Always correct vertical or twist angle first by shimming the driver, then correct horizontal angularity by moving the driver with lateral jackscrews, and lastly correct offset by moving the driver with axial jackscrews, or by repositioning one of the pulleys on its shaft. (Be careful not to cock the pulley in so doing!) Since performing one alignment correction almost invariably affects the other alignment conditions, this process may have to be repeated several times. This is where a fan-line laser like the DotLine Laser really pays off, since it allows you to monitor all three alignment conditions simultaneously, as well as greatly increasing the accuracy of the alignment. This makes the job far easier and faster.

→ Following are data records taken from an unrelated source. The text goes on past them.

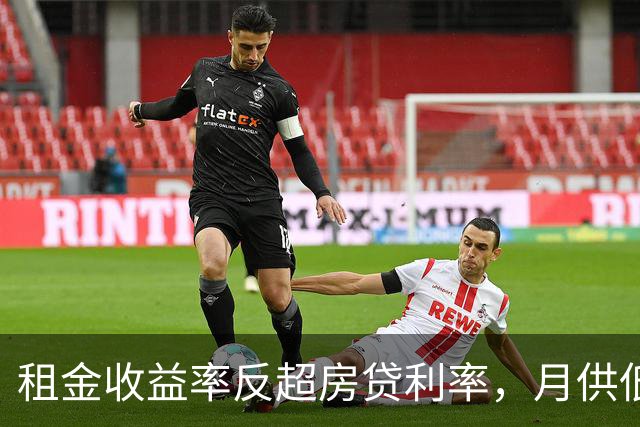 租金收益率反超房贷利率，月供低于租金，买房的账开始变了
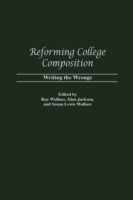 Reforming College Composition Writing the Wrongs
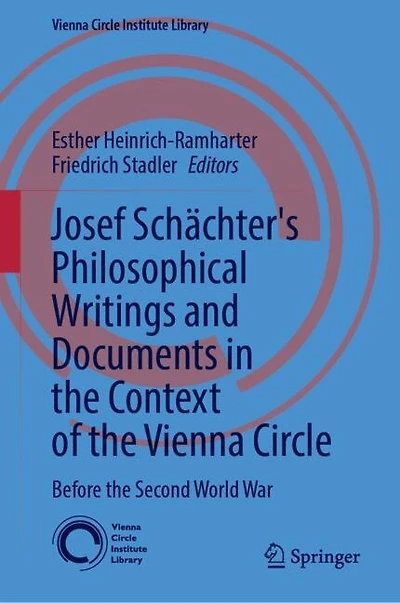 Josef Schachter: Philosophical Writings and Documents in the Context of the Vienna Circle, Volume I: Before the Second World War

The last step, after the sheaves have been aligned, is the proper tensioning of the belts. Incorrect tension (as well as misalignment) will adversely affect the life of the belts and the efficiency of the drive as a whole. Using a spring scale, press down on the belt in the approximate center of its span (on the tight side), to deflect the belt 1/64" per inch of span length and observe the force required to do so. If you are not sure of the belt span length you may also use the center-to-center distance of the pulleys, which will be similar. Tension the belts until the force required for this deflection equals the belt manufacturer's maximum recommended force values for the specific belts you are using. Also make certain this force does not exceed the machinery's design loads. The force values for all belts should fall within 10% of each other. Using a matched set of belts and having a good alignment are essential in achieving this goal. It is tricky to move the driver to slacken or tighten the belts without changing the alignment! Here again the DotLine Laser Pulley Alignment Tool is invaluable, since all three of the alignment parameters can be monitored simultaneously for all sheaves while adjusting the tension.
The final step is to run the machines for about two hours to allow the belts to stretch and seat themselves properly in the grooves. The belts must then be re-tensioned to the recommended values. Now run the machines at least 72 hours but not more than 10 days and re-tension once again, this time to the manufacturer's recommended force values for used belts.